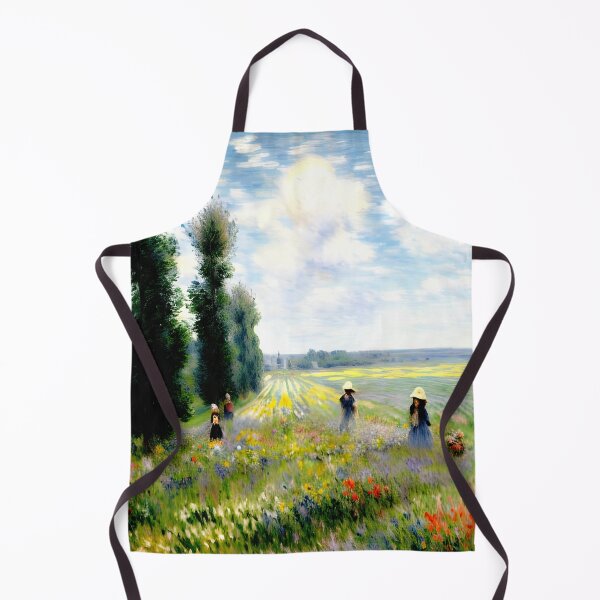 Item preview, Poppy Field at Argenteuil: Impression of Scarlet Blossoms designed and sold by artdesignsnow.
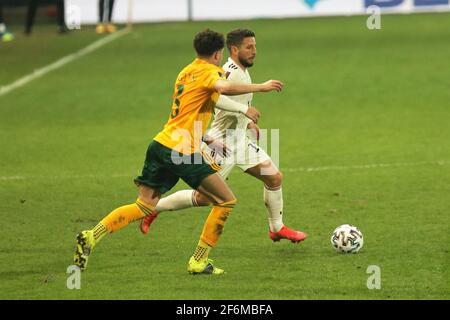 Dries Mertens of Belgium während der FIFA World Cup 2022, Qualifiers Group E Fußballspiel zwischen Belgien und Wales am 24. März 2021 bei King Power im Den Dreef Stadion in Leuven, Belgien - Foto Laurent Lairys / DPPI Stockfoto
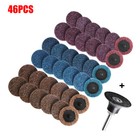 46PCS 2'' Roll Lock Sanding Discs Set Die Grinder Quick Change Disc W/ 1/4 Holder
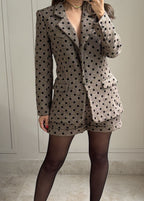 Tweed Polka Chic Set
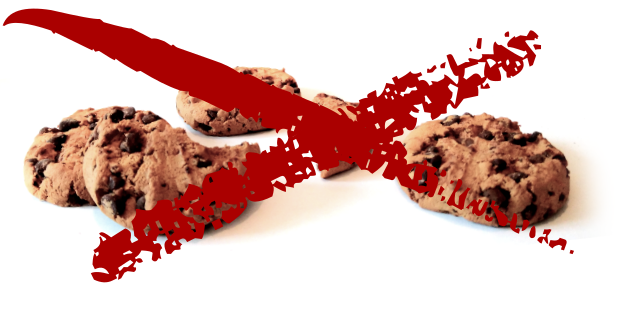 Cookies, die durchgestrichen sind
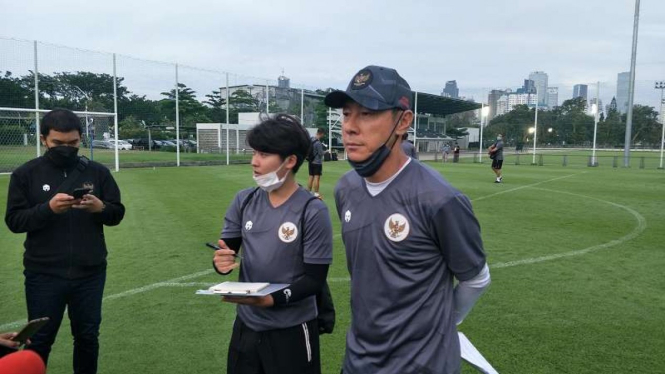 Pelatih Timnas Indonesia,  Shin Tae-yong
- - -
TASK BRIEF: Because the copy must hold no pictures, return only the lines that run from the line containing "Tweed Polka Chic Set" to the end of the data above, each exactly as it stands.

RESPONSE FOR THIS EXERCISE:
 Tweed Polka Chic Set
 Cookies, die durchgestrichen sind
 Pelatih Timnas Indonesia,  Shin Tae-yong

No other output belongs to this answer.